IMHO, this is deeply wrong, because these statistics are biased when people make several attempts for the same problem. Both the percentage and the time should be evaluated only on the first try.
Moreover, I as a ~20k, will try mostly ~20k problems, so I won't participate in evaluating the difficulty of ~30k problems, nor ~5k problems.
RBerenguel: I think that these percentages are calculated once, the same as the player rating, that is only afected by the first try, not second or third ones. I am 6k (KGS) and have done from 15k to 5k, it's important to do the review part.
Gyom Of course ! I actually did the "review part" (goproblems rated 30k, 25k, 20k) before getting to 18k problems these days. And you're right: if the percentage is calculated only on first tries, and if everyone starts from easy problems before reaching his actual level, then the percentage must be relevant. Thanks !

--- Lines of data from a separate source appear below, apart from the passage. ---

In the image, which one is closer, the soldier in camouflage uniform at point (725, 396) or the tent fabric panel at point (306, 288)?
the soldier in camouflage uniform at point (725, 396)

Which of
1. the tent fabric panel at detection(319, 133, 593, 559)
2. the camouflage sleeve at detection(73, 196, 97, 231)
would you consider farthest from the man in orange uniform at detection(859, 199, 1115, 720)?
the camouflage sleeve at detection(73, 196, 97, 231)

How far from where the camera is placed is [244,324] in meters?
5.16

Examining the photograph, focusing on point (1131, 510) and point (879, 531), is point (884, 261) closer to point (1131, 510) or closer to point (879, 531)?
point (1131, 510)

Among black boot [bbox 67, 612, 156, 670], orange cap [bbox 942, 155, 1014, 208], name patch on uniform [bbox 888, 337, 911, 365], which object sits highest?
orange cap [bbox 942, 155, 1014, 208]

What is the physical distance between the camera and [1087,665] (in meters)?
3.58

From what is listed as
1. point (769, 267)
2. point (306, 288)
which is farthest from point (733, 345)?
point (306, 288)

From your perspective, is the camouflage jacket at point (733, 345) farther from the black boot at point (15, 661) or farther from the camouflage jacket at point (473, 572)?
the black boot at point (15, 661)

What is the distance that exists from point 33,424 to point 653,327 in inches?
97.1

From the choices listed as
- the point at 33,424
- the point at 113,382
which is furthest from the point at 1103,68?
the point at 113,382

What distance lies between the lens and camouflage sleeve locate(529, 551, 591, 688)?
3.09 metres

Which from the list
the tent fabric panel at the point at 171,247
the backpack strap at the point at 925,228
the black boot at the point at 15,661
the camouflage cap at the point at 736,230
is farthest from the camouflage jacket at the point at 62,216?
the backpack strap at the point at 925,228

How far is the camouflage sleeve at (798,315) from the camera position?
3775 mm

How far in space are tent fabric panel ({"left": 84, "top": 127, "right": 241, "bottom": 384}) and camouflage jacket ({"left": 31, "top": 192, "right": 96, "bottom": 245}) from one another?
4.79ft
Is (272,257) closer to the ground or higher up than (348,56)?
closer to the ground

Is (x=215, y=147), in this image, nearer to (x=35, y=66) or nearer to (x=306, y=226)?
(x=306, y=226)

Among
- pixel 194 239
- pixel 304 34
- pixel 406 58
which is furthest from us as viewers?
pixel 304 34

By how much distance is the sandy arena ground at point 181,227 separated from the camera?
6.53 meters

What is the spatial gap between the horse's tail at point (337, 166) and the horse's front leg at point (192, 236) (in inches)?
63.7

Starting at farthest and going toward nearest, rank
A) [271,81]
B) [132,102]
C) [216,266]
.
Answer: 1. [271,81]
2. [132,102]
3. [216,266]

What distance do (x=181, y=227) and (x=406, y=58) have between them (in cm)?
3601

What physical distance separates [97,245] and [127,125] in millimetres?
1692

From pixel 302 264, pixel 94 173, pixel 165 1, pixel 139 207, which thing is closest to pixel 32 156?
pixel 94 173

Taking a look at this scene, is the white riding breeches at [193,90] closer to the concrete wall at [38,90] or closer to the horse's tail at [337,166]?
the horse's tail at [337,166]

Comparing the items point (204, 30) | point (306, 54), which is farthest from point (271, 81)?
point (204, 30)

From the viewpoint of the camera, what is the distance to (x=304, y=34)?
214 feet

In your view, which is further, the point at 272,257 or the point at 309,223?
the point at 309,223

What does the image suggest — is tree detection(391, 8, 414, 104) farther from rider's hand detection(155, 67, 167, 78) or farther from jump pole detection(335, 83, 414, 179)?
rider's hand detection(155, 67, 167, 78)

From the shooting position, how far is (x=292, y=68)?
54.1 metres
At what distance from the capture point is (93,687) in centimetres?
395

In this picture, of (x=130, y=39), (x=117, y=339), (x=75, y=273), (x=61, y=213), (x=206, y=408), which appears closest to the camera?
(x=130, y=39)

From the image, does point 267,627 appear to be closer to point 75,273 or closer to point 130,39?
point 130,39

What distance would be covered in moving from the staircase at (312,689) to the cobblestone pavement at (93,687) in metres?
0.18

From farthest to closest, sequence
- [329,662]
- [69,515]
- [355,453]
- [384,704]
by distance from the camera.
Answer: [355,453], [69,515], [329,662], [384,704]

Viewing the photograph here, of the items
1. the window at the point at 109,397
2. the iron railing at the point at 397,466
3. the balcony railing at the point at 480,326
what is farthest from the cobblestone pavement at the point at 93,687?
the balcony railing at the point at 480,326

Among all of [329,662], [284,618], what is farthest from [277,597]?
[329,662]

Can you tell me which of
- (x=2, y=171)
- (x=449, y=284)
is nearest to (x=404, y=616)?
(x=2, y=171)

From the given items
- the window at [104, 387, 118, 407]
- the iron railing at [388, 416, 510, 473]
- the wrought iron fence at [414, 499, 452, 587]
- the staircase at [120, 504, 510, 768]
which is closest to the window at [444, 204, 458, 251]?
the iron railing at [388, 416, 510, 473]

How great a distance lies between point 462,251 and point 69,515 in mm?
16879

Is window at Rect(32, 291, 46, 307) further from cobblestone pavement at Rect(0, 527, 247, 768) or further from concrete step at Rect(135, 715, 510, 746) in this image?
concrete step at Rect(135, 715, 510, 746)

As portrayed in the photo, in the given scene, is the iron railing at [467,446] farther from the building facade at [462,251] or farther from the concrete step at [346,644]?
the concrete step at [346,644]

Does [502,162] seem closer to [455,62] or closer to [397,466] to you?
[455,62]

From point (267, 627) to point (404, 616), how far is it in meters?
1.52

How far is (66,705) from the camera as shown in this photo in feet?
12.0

As you might notice, I'm quite interrested in computer go. I am still far from beating GnuGo, so I don't pretend to have a miracle answer to computer go, but I wonder if some ideas have been tried before (feel free to add comments if you have some!) :
What I would like to see is a go program that would rely only on a big (pro) games database, and that would not have too much "intelligence" as itself. By matching the current position (à la Kombilo) against a big database, would it be possible to find a good next move ? The idea is somewhat to generalize joseki dictionnaries : some situations are very frequent, very well-studied, and we do have answers for them. Why not try to follow well-established knowledge, and not re-invent the wheel (I mean: in-depth searching, life and death analysis, etc).

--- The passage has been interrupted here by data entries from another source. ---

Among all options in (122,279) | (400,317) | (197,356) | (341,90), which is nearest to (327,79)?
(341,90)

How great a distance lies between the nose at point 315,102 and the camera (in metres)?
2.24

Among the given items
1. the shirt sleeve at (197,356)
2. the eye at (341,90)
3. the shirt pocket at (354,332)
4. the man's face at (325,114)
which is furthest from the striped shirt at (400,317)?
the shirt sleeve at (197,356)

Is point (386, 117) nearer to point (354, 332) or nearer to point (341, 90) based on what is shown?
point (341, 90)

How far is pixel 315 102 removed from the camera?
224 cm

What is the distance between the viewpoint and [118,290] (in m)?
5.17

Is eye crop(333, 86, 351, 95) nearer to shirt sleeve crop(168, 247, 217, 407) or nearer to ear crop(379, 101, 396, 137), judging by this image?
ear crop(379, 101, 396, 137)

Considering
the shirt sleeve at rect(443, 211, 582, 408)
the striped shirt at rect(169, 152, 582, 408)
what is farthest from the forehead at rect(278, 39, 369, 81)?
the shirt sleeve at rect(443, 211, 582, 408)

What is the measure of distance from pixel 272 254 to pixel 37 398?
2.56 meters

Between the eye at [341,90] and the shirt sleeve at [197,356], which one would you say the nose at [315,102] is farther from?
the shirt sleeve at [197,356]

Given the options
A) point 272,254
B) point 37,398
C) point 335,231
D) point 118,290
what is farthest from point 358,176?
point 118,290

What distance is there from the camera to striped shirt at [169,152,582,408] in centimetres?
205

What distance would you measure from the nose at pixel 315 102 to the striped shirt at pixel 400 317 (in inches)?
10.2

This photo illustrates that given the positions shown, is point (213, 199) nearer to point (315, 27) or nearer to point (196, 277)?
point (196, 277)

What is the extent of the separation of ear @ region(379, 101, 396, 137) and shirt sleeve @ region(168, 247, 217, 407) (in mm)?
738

The main difficulty is to find a satisfying pattern matching algorithm. For the first few moves, it would be very easy: game openings are an extensively studied subject, so plenty of games do have similar openings, and we could just match the whole board (modulo mirroring and rotating, of course). But the question arises when it comes to middle-game moves: what kind of "pattern" do we want to look for ? Obviously, searching for the board "as is" will not yield any results, so there is no hope to find a next move there, so we must search for more "generic" patterns.
One idea could be to first search the wole board, and if not found (or maybe if not enough matches found), then search for a narrower pattern, closer to the last stone, and so on ? obviously, this approach would always yield a "next move", but I'm very curious about how well it would play.
Does anyone have some knowledge about a similar try ?
Blip left some comments on my blog about this subject: http://guillaume.salagnac.free.fr/blog/?2007/01/11/51-pattern-matching-computer-go#co :
Yep, I've heard of things like that in the machine learning community, I'll try to get you some references as soon as I have some time...
I also remember that one idea involved finding the exact best solution on really small boards, and generalizing to normal sizes.
The "narrowing" part of the job could maybe made easier with some knowledge similar to what is said in PointPopularityByMoveNumber
After a little bit more thinking about this subject, I now doubt a lot about the feasability of this approach. It could be great for opening moves, acting like an "opening library"-driven computer player, but for the middle-game and end-game situations, I think there is very little hope to find useful advice in a game database. Games are so different from one to another, that there is almost no chance to find the same situation.
The only solution would be to have a very very clever narrowing heuristic, but this means putting back some intelligence into the program... (Gyom, 2007-01-18)
Are there more chances to find something better if only considering 9x9 games ? (Gyom, 2007-01-22)
Well. I now think that there is very little chance to find any useful advice in a database when considering middle-game and end-game moves. So the best we can do is maybe to switch to another engine when database searches give up, and that is exactly what others have already done: GoFigure is an example of such an idea.